Aside from that he played the drums for artists like Christina Aguilera, Toni Braxton, Backstreet Boys, New Kids On The Block – to name a few – and produced artists like TLC, Fifth Harmony, Will I am and many more.

I met up with him after his show in London’s Hyde Park to chat about his musical upbringing, his move to LA, working with Stevie Wonder and his passion for producing.

Why drums?

I don’t know man. My mum said I just came out of her womb beating on everything.

I used to go to this church and I was just fascinated with the drums. I would go up to the drummer and just watch him the whole time. It’s crazy because no one in my family is musically inclined. Totally a gift.

I got my first drum kit, a silver sparkle Ludwig, when I was five years old, could barely sit down on the thing and just beat it to crap.

Did you have lessons growing up?

I remember I got some lessons from the drummer at church for about maybe a month, that’s all I did. After that I just played a lot. I think I really got more serious about drums as I got into middle school and high school. I got into marching band which is more military corps style where I learned all about rudiments and all that stuff.

Those are great two influences: church for the feel and marching band for the technical side of things.

Exactly. Well, church does have a little bit of feel, it plays a part, but I would say the city that I’m from, Memphis, had more to do with my feel and vibe. Just growing up in that area. It plays a huge part now when I play with Stevie. The old school Soul comes out.

I guess coming from marching band you learned traditional grip, yet you play matched now.

Yes I did but it’s kind of over and done with. I haven’t used traditional grip in so long, man, but I was on it for about seven years. From middle school, sixth grade, all the way to being a senior in high school. It needs a lot of practise and I just haven’t, so I just lost the touch of it.

Who were your influences growing up as a drummer?

All the old school guys.

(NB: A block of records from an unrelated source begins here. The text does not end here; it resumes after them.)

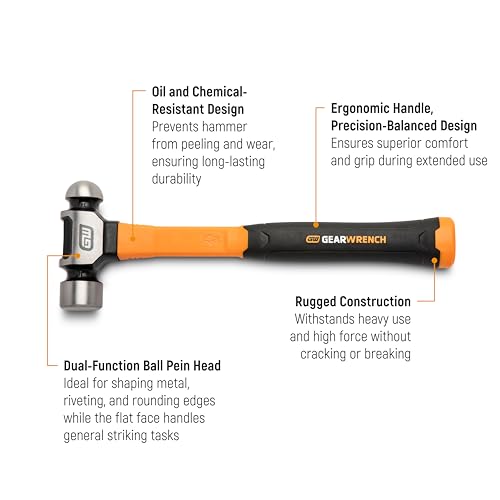 GEARWRENCH 8 oz. Ball Pein Hammer with Fiberglass Handle | GWHFGBP8 - style: 8 oz.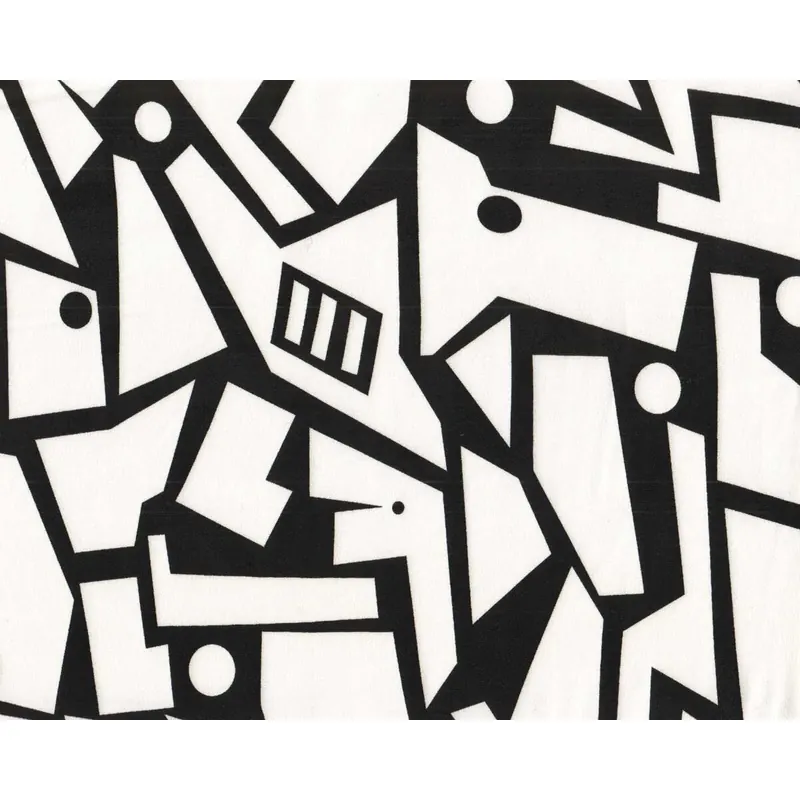 Viskosekreppstoff GEOMETRIC, grafisches Design, schwarz-weiß, Hilco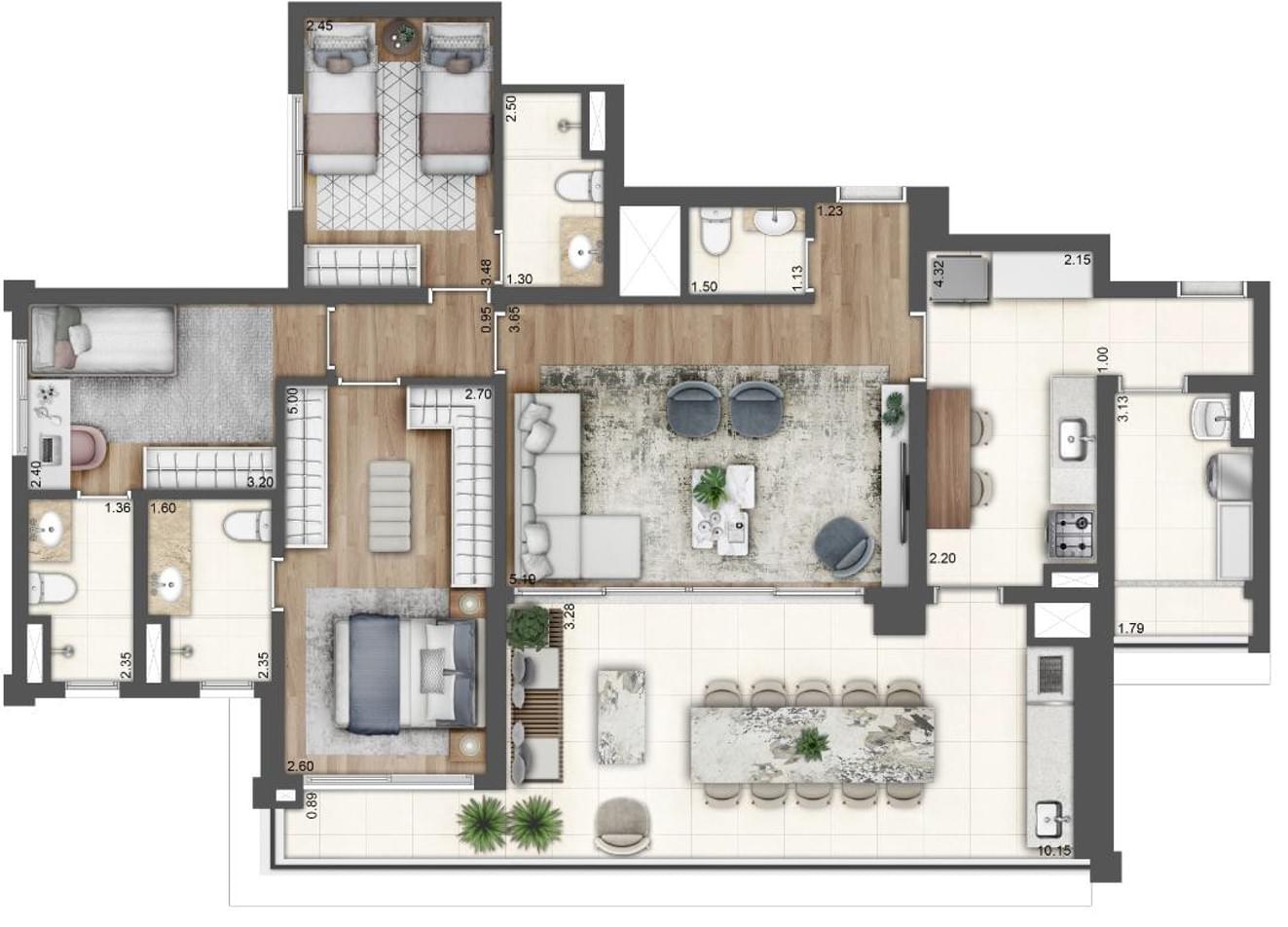 WONDER Ipiranga - Planta Planta de 127m² 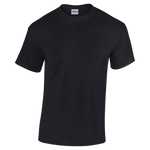 Front view of a Gildan Adult Heavy Cotton T-Shirt in "Black" color.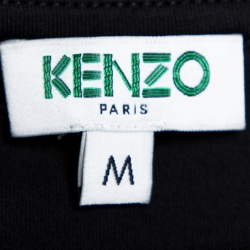 Pre Owned Kenzo Black Foil Tiger Print Cotton T-Shirt M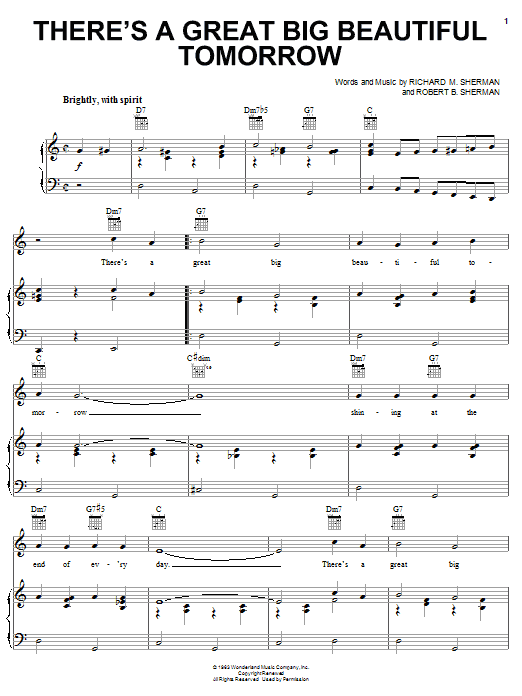 They Might Be Giants There's A Great Big Beautiful Tomorrow Sheet Music Notes & Chords for Piano, Vocal & Guitar (Right-Hand Melody) - Download or Print PDF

I didn’t actually know a lot of the drummers who played on records that I grew up on. I just didn’t know who they were at the time. As I got older, before we had all this social media where you can access everybody, I used to go to drum stores and buy every video tape I could buy. I had the Dennis Chambers video tape, the Vinnie Colaiuta video tape, Dave Weckl, Steve Smith, Will Kennedy, Buddy Rich…. I watched a lot of drummers.

And then you actually stopped playing drums, is that right?

I did. Towards the end of high school I was at the stage where I wanted to make some money from playing drums but the place I was playing at at the time didn’t wanna pay. So I quit drums for a while and went to a friends church to play keyboards. I did that for about three or four years.

Your playing is some of the tastiest and ‘feeliest’ stuff I’ve ever heard. I’m curious where that comes from seeing as your main background is the marching band which is very strict and military.

That’s very true, there is not a lot of feel, just straight discipline. As far as where the feel for me has come from: first of all, moving to LA I met some very important people that I would consider as mentors;

Rickey Minor – I did a lot of work with him and just seeing his camp and being a part of it, I learned a lot. It wasn’t about all the chops that I learned, it was such a professional level of playing that I had no choice but to change my feel and to adapt. Rickey had a big part…

Rob Lewis too. He’s a huge producer and MD for a lot of people, we still work together a lot now.

Then of course Teddy Campbell, the drummer for Rickey Minor, who I would fill in for. Just knowing who he was and then actually meeting him and seeing him in his element once I moved to LA played a big part.

Also watching Nisan Stewart work. He’s another great drummer and huge producer in LA. Just seeing how he put things together, how everything is organised, how he performs, how he works with the artists and so on.

There are just so many people to name in LA. They have all done something for me and inspired me some type of way.

How came the decision to move to LA?

I was playing keys for a church back home and we came to LA to visit. I think I was about 20 or 21. We had just got there and wanted to get out to have some fun. We walked down 4th Street promenade in Santa Monica and hear loud music coming from this club called Harvelle’s. The guy at the door didn’t want to let us in at first because we were young and looked underaged so we tried to explain the whole situation: that it’s our first time here, we’re from Memphis, we just wanna see some different musicians and so on. We convinced him to let us look in and there was Victor Wooten, Gerry Brown, Ricky Lawson,…. there were so many great musicians in there. Oh my god. We grew up listening to these guys and now walk into a club two minutes away from our hotel and they’re all in one room…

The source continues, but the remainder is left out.